## Stored data entries
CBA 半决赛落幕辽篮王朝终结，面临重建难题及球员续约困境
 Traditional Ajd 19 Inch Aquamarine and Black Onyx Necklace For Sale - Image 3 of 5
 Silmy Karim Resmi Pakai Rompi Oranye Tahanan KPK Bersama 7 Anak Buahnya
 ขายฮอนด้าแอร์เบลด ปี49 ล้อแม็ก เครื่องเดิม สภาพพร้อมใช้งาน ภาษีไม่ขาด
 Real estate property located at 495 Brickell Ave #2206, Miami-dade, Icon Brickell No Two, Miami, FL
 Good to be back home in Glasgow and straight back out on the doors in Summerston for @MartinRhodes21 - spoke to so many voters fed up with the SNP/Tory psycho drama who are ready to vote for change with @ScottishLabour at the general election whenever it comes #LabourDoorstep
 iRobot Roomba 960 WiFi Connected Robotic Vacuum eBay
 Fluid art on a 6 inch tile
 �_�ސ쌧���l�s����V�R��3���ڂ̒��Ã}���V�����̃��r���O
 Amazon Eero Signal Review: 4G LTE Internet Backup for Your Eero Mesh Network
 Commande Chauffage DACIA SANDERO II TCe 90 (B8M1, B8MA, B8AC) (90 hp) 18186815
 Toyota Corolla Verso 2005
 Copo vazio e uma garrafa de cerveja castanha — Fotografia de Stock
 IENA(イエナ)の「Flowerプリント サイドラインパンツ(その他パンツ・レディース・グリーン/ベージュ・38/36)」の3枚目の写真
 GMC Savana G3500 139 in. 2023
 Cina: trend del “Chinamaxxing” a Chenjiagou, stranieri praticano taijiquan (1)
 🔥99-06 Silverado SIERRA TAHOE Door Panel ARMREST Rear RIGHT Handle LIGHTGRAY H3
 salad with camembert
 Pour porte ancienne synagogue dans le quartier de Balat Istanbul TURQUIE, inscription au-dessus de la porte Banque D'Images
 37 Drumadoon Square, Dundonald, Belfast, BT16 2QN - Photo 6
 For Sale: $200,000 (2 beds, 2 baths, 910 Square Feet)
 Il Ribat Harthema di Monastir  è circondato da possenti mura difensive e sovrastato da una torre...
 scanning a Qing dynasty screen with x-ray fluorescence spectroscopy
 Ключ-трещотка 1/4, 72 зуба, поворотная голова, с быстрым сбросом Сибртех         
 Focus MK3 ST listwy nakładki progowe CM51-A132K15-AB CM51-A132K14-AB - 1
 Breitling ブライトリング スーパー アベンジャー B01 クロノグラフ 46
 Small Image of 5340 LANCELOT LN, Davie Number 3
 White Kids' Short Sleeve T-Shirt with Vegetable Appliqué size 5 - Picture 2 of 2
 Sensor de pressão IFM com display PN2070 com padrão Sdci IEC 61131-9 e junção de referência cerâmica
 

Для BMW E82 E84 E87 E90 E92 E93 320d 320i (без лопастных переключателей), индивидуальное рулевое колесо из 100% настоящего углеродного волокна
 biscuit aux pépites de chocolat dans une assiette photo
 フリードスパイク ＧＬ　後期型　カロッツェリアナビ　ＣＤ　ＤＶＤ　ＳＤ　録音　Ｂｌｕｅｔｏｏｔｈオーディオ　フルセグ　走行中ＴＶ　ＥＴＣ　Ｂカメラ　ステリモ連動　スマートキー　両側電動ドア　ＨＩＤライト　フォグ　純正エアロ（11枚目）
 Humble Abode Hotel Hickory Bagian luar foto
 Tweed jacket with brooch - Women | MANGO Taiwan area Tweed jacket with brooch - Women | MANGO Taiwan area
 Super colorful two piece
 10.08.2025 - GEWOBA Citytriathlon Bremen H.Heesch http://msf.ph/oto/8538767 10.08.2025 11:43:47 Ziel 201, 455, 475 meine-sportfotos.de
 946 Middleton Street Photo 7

## Goal of the exercise
Find all the lines with "Square" in the data and copy them.

## Response for this exercise
 37 Drumadoon Square, Dundonald, Belfast, BT16 2QN - Photo 6
 For Sale: $200,000 (2 beds, 2 baths, 910 Square Feet)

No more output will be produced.